Exploring Swift generic functions with WallpapersKit
Today I’ve been updating BingWallpapers to use the last version of Swift and also include the latest changes of WallpapersKit, the framework that is shared across the Mac and iOS versions.
I’ve been developing WallpapersKit letting the code guide it’s own design and today I made some changes using generic functions.
In WallpapersKit there is an extension to the main core class that contains a function with the following signature:
fetchImageFromWallpaper(wallpaper: Wallpaper,
downloadImage: (url: NSURL, success: (Image) -> (), fail: (NSError) -> ()) -> (),
completion: (url: NSURL?, image: Image?, error: NSError?) -> ())
In the source it’s nicer with some typealias but here I want to be explicit. This function contains the logic to download the right image from the wallpaper
. It tries to download the image with the desired quality and if it fails it has some fallbacks. The nice part is the downloadImage
closure.
downloadImage: (url: NSURL, success: (Image) -> (), fail: (NSError) -> ()) -> ()
This closure takes an URL and a success and failure closures. In this way WallpapersKit can contain the required logic to deal with the wallpapers, the different urls and qualities, but it doesn’t have to care on how to actually download the image. That has turn out to be really great because the Mac and iOS apps do different things when downloading the images.
On iOS I’m currently using the Haneke library to download and cache the images. For convenience I have defined a subspec, thanks to Cocoapods, that includes a version of the fetchImageFromWallpaper
function but with a default downloadImage
closure. This is the only place where the framework has the dependency. Having this in a subspec means that the iOS App can use this handy function in the main app and in the extension (Today widget).
The OS X app needs something different. There I don’t import the subspec, so it doesn’t have any dependency with the third party library to cache images. It has it’s own implementation of the downloadImage
function that downloads the data of the image and saves it directly to disk (in a Application Support subfolder).
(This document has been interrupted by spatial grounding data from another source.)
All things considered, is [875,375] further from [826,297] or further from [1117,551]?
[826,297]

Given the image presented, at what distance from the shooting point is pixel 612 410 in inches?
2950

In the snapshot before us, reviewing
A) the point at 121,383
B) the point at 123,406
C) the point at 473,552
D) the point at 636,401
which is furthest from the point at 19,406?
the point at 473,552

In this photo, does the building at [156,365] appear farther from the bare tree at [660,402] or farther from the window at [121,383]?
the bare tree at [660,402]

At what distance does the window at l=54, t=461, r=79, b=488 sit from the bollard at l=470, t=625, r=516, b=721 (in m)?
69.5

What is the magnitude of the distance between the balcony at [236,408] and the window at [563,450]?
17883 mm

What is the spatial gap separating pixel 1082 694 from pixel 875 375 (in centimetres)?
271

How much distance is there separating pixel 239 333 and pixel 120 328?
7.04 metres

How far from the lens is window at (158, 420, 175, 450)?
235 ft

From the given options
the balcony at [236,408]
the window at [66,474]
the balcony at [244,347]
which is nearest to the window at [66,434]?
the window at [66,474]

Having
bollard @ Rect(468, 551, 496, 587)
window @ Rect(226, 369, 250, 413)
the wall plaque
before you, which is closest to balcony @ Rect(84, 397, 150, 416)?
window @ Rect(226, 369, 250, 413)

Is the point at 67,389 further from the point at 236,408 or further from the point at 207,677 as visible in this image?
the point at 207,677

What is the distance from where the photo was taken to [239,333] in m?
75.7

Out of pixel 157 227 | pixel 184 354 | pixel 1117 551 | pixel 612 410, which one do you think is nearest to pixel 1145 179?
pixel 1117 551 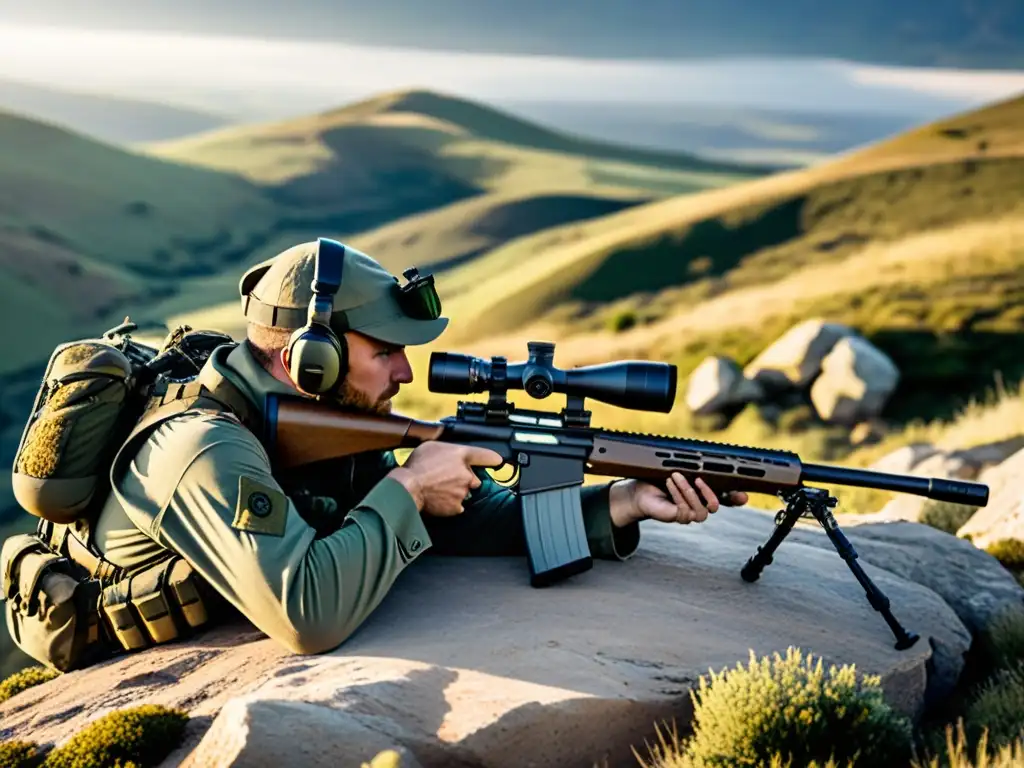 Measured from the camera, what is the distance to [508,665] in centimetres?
566

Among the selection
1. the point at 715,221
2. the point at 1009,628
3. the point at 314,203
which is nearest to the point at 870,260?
the point at 715,221

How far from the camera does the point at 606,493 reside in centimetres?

It doesn’t need at all to create an NSImage
, it only has to download the NSData
. That’s because the OS X API to change the Desktop background only needs a disk path, so is less work that we have to do.
To accomplish that difference in the requirements I’ve modified the original function to make it generic. Now instead of talking about Image it talks about a generic type.
fetchFromWallpaper<T>(wallpaper: Wallpaper,
download:(url: NSURL, success: (T) -> (), fail: (NSError) -> ()) -> (),
completion: (url: NSURL?, data: T?, error: NSError?) -> ())
Thanks to that change the OS X app can pass the downloadImageData
function (that predates Swift itself, was ported form the original Objective-C version ^^) that only deals with NSData
.
In order to maintain the compatibility with the iOS version and not make a breaking change I just reimplemented the previous fetchImageFromWallpaper
function to use the new generic function specifying T
as an Image
type.
The best part about Swift is that I can call the generic function giving it just the downloadImageData
function (named closure)…
...
fetchFromWallpaper(wallpaper,
download: downloadImageData,
completion: { (url, data, error) -> () in
...
})
...
.. and it infers the right type for the generic function. Like magic.
Nothing new here but it has been cool to combine this things:
- Closures to externalize behavior.
- Use Cocoapods subspecs with default implementation for iOS.
- Use generic functions to decouple some logic from specific types.
- Have functions that constraint the type of generic functions.